|
Qu'est
le quotidien d'un chercheur en biologie ?
La presse rapporte régulièrement des découvertes scientifiques réalisées
dans les laboratoires des universités romandes. Mais, pour le grand public,
le métier de chercheur se résume souvent à ces résultats médiatisés, et beaucoup
d'entre nous continuent à voir le chercheur comme un «savant fou» qui passe
son temps à faire ses expériences de manière passionnée et exclusive. Fiction
ou réalité?
Laurent Roux, professeur de biologie à la Faculté de médecine de Genève,
a accepté de nous expliquer ce que signifie, au quotidien, d'être chercheur
universitaire. - Quel est le quotidien d'un chercheur? - On ne peut pas généraliser.
Chaque chercheur a un emploi du temps différent, selon qu'il est responsable
ou non d'une équipe, selon la taille de cette équipe et en fonction de ses responsabilités
administratives et de son statut académique. Globalement, les activités d'un
chef de laboratoire se répartissent en quatre catégories: la recherche scientifique,
l'enseignement, les tâches administratives et, finalement, la quête de financements.
Ces activités ne sont pas régulières, il est donc plus juste de parler de l'emploi
du temps annuel, et non journalier, d'un chercheur.
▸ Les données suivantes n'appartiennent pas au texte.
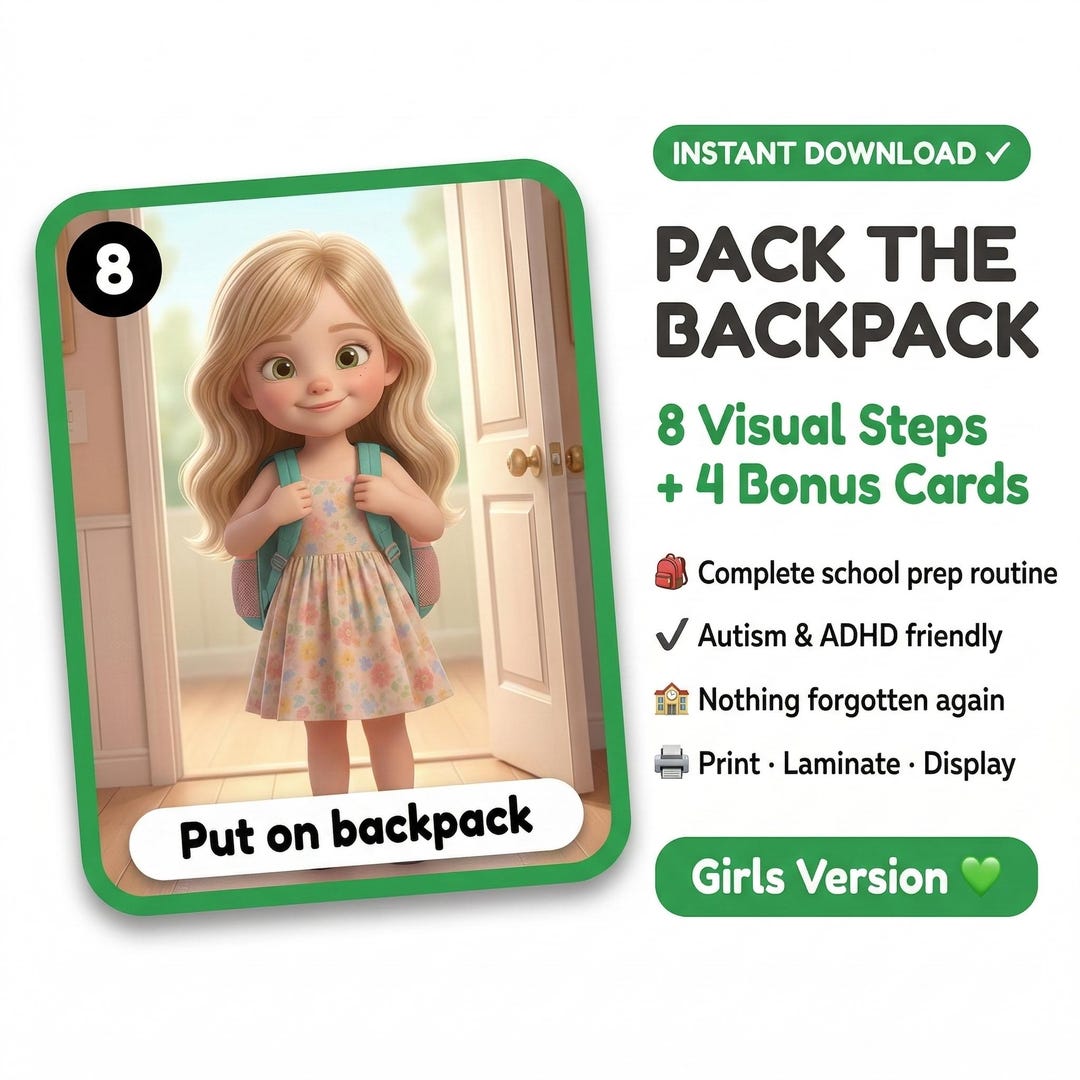 Pack the Backpack Visual Steps Blonde Girl Autism School Routine ...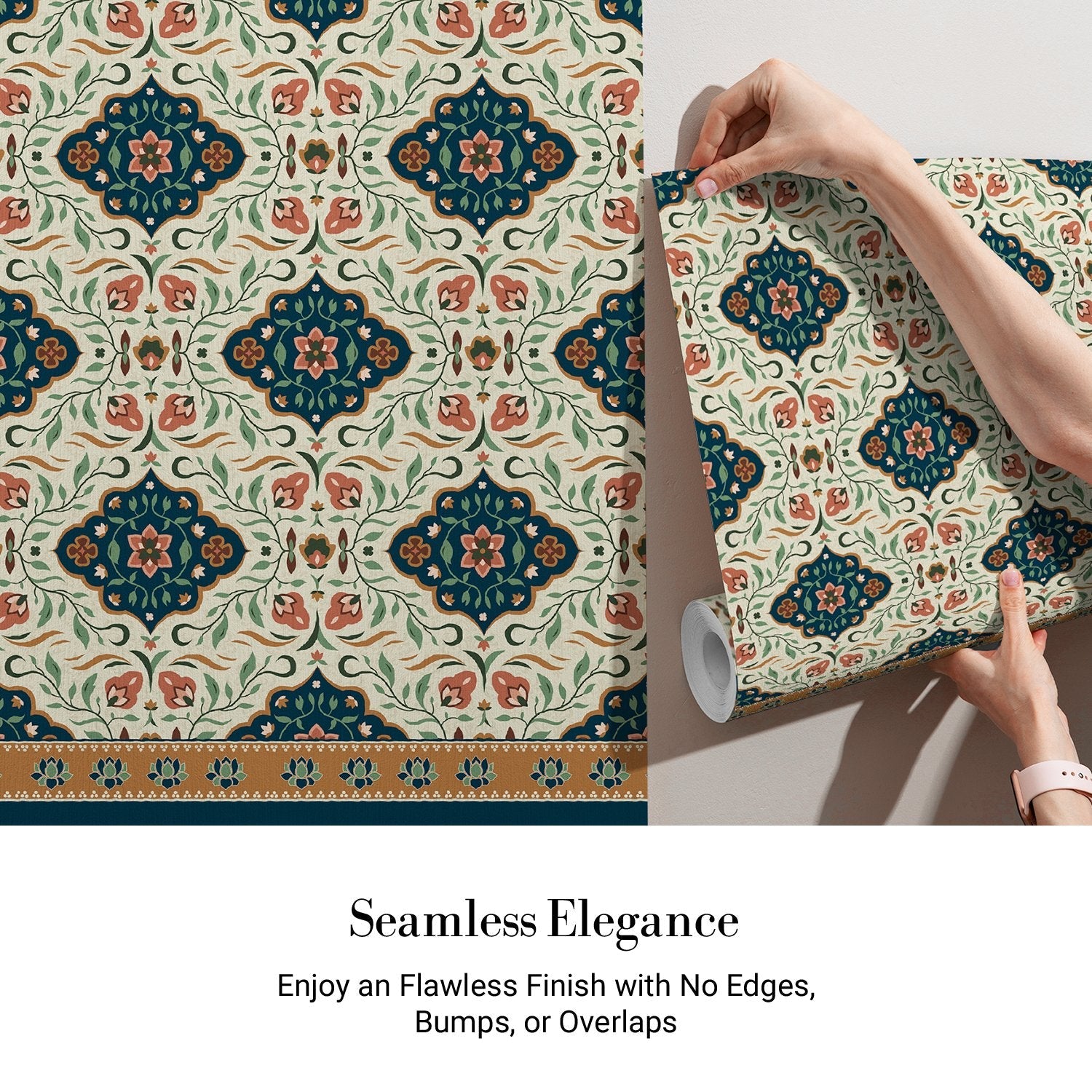 Traditional medallion damask print in teal and coral with decorative Indian border motifs - view 4 - final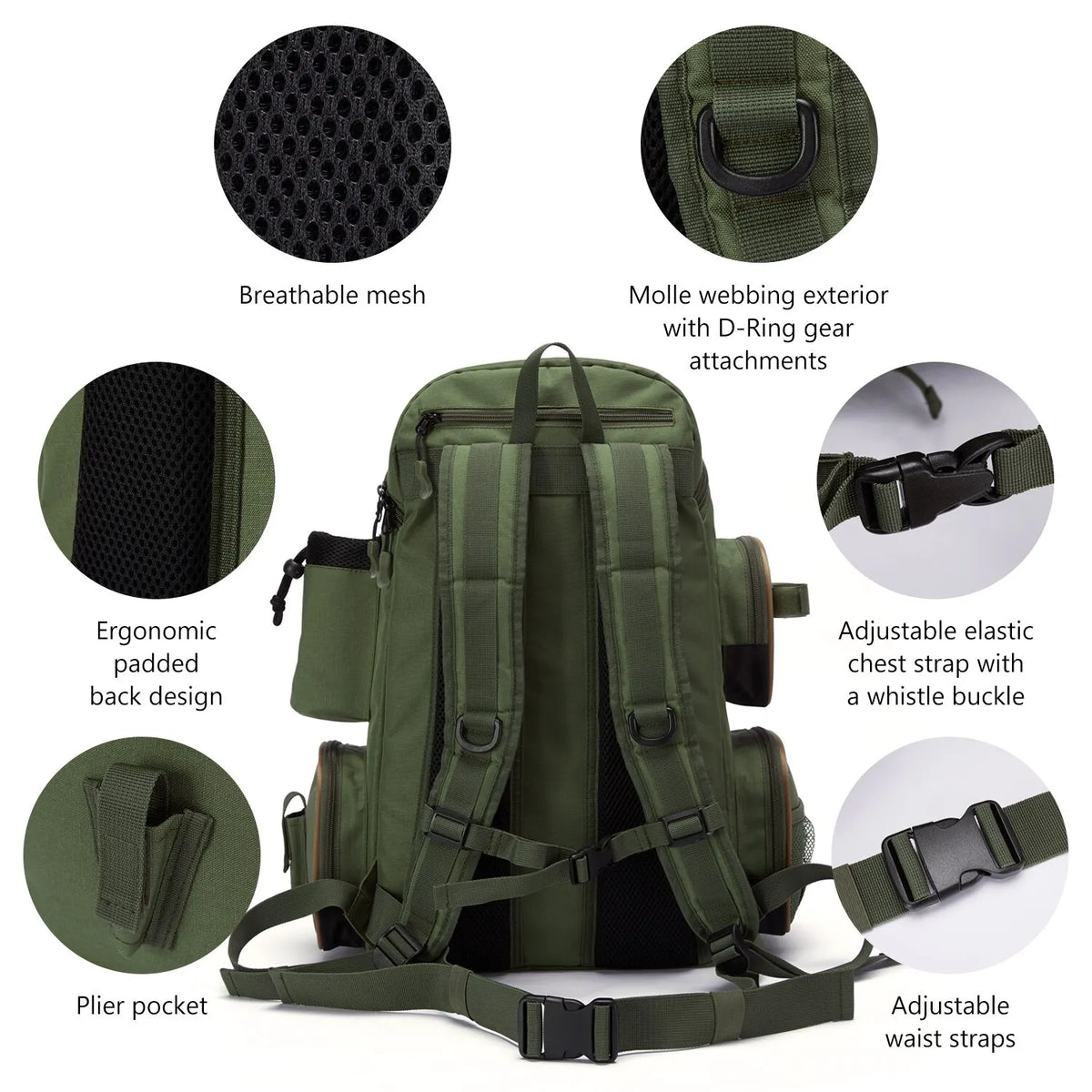 Bassdash Tactical Fishing Backpack – Lightweight & Multifunctional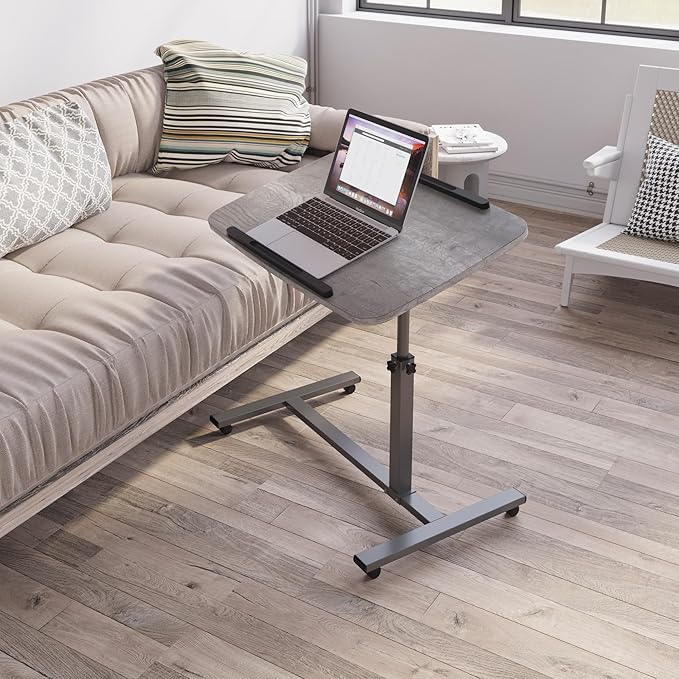 Laptop Table Mobile Adjustable Height Portable Desk Notebook Swivel PC Computer Rolling Desk with Wheels, Laptop Stand for Couch Bedside Hospital Bed Table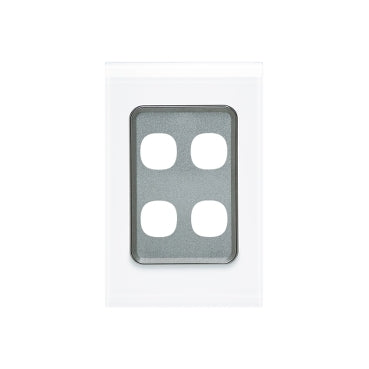 Saturn Grid & Plate 4Gang Pure White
Commençons par la recherche. Combien de temps consacrez-vous à cette activité?
Environ 40%.
Vous passez donc 40% de votre temps à faire des expériences? Non, à mon
grand regret... Lorsqu'on a sous sa responsabilité cinq personnes ou plus, et
qu'il faut avoir presque quotidiennement une disponibilité pour les tâches administratives
ou d'enseignement, il est très difficile de trouver le temps de faire soi-même
des expériences. Celles-ci sont souvent très longues et nécessitent un suivi
quotidien. - Donc l'essentiel de la recherche pratique n'est pas fait par les
professeurs, mais par les scientifiques qui sont sous leur responsabilité? -C'est
exact. Le directeur de laboratoire coordonne (ensemble des projets scientifiques
menés dans son groupe et fait part de son expérience aux personnes qu'il encadre,
mais il met rarement la main à la pâte, ce qu'encore une fois je regrette. -Qu'entendez-vous
alors par activité de recherche? - Je consacre plusieurs heures par jour à encadrer
les membres de mon groupe. Cela signifie tenter de résoudre les problèmes pratiques
et théoriques qu'ils rencontrent et analyser les résultats qu'ils obtiennent.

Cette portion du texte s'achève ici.